─── ENTRIES SUPPLIED
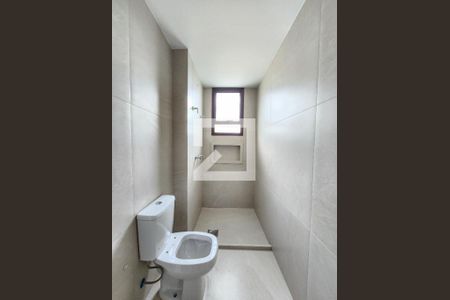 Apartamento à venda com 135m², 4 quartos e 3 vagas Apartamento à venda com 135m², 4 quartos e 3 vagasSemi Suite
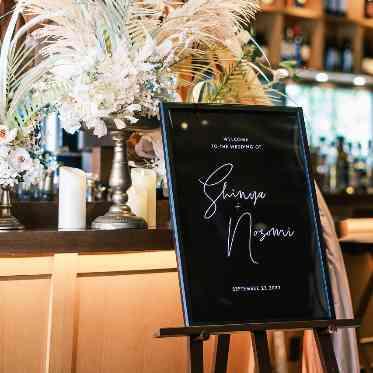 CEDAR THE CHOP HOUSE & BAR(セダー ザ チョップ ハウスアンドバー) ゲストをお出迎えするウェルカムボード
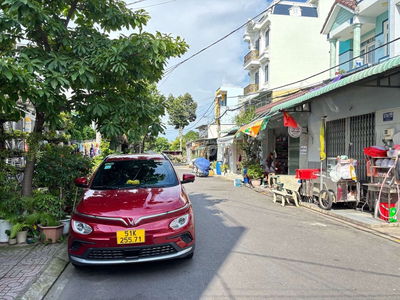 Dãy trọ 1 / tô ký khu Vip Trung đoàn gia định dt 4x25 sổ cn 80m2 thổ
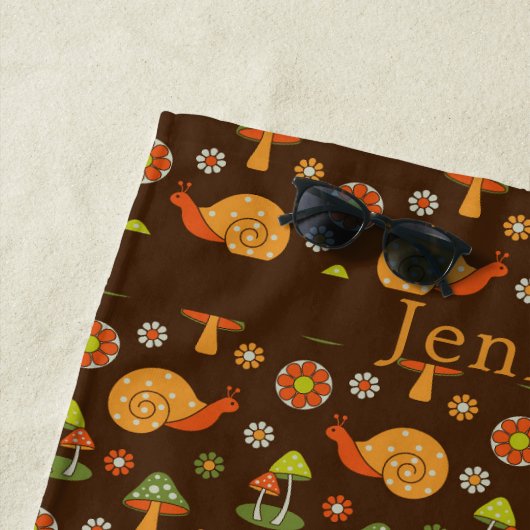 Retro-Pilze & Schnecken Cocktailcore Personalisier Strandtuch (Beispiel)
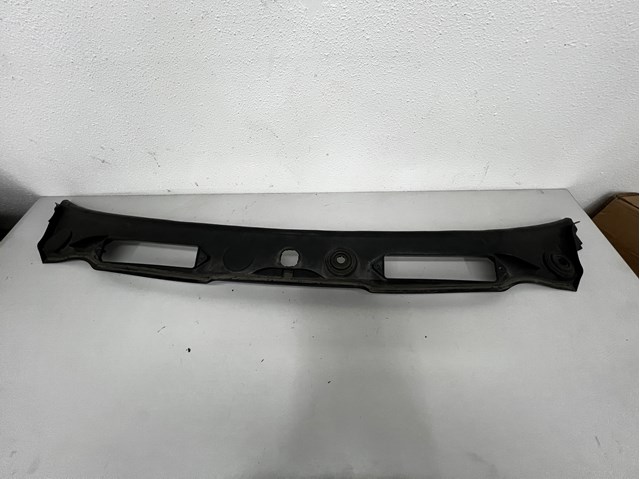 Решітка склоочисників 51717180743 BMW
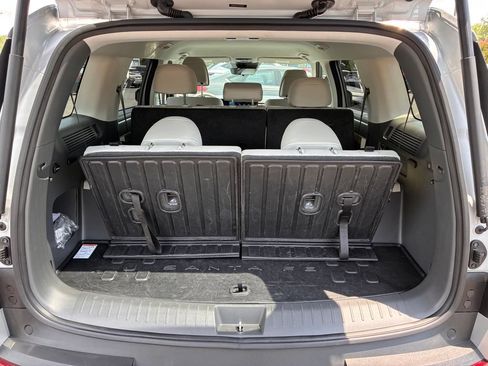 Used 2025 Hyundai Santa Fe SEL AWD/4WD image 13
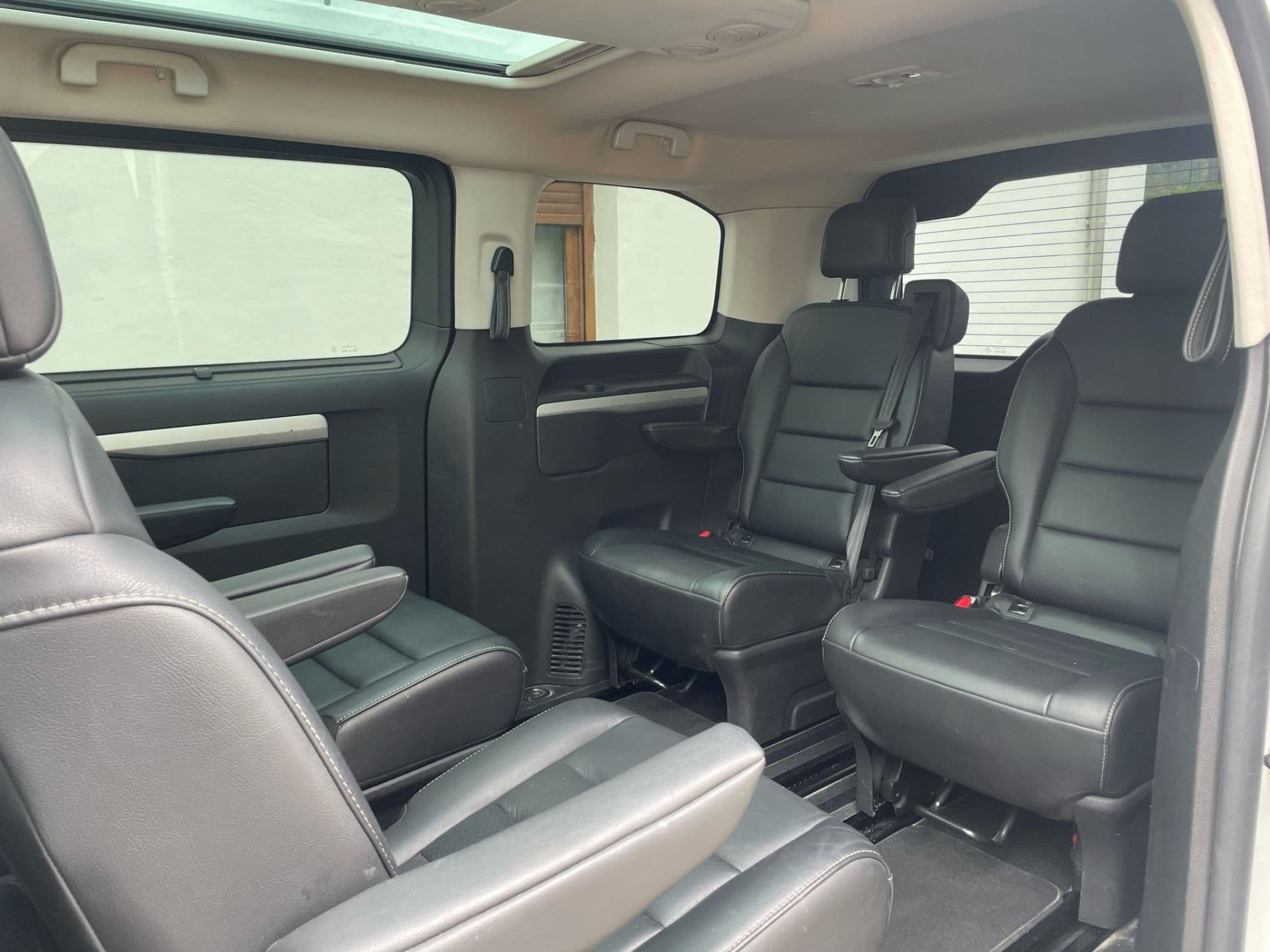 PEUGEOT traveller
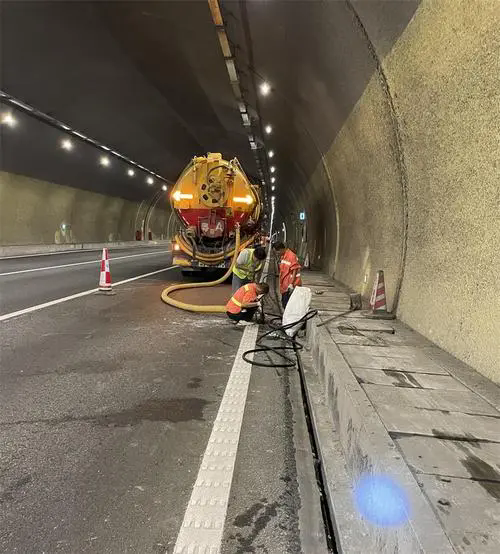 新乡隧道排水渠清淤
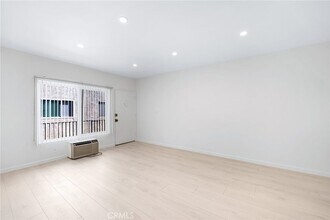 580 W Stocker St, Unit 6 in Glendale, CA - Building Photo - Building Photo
──────
§ REQUIRED ACTION: Begin at the line containing "Retro-Pilze & Schnecken" and copy every line through the end of the data above exactly, omitting the pictures.

§ ANSWER FOR THIS EXERCISE:
 Retro-Pilze & Schnecken Cocktailcore Personalisier Strandtuch (Beispiel)
 Решітка склоочисників 51717180743 BMW
 Used 2025 Hyundai Santa Fe SEL AWD/4WD image 13
 PEUGEOT traveller
 新乡隧道排水渠清淤
 580 W Stocker St, Unit 6 in Glendale, CA - Building Photo - Building Photo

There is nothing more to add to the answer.